Le bénéfice par action pourrait par conséquent tourner, comme l’an dernier, autour de 0,95 dollar, à quoi correspondrait un ratio cours/bénéfice de plus de 12 – une valorisation attrayante, pour une entreprise qui occupe une position enviable sur un marché en croissance et dont le rendement en dividende est correct (2,4 %). Les investisseurs se souviendront toutefois que les résultats et le cours fluctuent en fonction de l’intensité des cataclysmes dans le monde.
Conseil 4 : Generac
Après une tempête majeure, la première chose dont on parle est bien sûr le nombre de victimes. Viennent ensuite une ébauche d’estimation des dégâts et du temps pendant lequel les ménages resteront privés d’électricité ; une fois celle-ci rétablie, la vie pourra tout doucement reprendre son cours.
C’est dans cet entre-deux qu’interviennent les produits de Generac (ticker GNRC). L’entreprise fabrique des générateurs de toutes tailles, qui vont des petits chargeurs pour tondeuse à gazon aux grands générateurs de secours destinés aux hôpitaux, pour ne citer qu’eux. Plus de la moitié de son chiffre d’affaires est issue du segment résidentiel ; les commerces et l’industrie en assurent 40 autres pour cent et le solde provient de la vente d’accessoires, de pièces détachées et de services. C’est dans le segment résidentiel surtout que la demande monte en flèche. Selon Aaron Jagdfeld, le CEO du groupe, de nombreux produits ont été épuisés entre le passage d’Helene et celui de Milton.

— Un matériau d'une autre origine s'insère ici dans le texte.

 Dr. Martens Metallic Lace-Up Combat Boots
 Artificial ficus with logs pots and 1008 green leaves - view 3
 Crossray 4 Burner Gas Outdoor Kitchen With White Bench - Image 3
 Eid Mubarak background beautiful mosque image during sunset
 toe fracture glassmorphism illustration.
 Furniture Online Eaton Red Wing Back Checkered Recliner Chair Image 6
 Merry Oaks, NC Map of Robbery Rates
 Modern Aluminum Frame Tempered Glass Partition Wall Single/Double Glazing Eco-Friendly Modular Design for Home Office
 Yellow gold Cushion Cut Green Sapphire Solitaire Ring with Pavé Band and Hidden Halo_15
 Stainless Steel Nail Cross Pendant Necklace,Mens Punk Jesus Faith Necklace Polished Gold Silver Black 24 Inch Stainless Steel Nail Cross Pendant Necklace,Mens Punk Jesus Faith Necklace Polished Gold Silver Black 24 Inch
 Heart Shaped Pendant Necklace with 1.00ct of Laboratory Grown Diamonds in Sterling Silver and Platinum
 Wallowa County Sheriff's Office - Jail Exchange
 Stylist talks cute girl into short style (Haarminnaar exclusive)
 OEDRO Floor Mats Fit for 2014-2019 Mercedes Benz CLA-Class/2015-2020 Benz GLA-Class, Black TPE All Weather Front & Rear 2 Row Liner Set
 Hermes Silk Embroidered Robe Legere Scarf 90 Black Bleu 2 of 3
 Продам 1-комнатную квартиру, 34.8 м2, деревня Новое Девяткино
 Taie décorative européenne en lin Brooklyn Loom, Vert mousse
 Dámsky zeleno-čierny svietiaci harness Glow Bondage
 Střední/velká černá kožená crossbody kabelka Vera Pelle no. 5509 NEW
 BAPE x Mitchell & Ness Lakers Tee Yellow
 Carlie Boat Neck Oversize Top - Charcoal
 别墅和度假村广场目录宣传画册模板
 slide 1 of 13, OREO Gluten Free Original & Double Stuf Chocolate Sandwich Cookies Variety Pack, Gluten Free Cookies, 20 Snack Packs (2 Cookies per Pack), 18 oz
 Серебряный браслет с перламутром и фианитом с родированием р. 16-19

Generac ouvrira prochainement, à proximité de Milwaukee, une usine qui emploiera 350 à 400 personnes. La croissance du chiffre d’affaires du groupe devrait à partir de là passer à 10 %, contre 5 % environ cette année. Le flux de trésorerie disponible (500 millions de dollars approximativement en 2024) devrait évoluer au même rythme. L’action s’est appréciée de 8 % depuis la fin août (le début de la saison des tempêtes), mais son cours est inférieur de près de 70 % au sommet atteint en 2021. Il faut dire qu’en 2022, au sortir de la pandémie, Generac a eu à subir un déstockage massif dans la chaîne, à quoi est venue s’ajouter la faillite d’un client important. Depuis, elle a assaini ses finances, et l’ouverture de la nouvelle usine marquera son entrée dans une nouvelle ère de croissance. Avec une dette nette de 1 milliard de dollars fin 2024 (1,3 fois seulement l’Ebitda), elle a de quoi renforcer sa position, y compris par le biais d’acquisitions.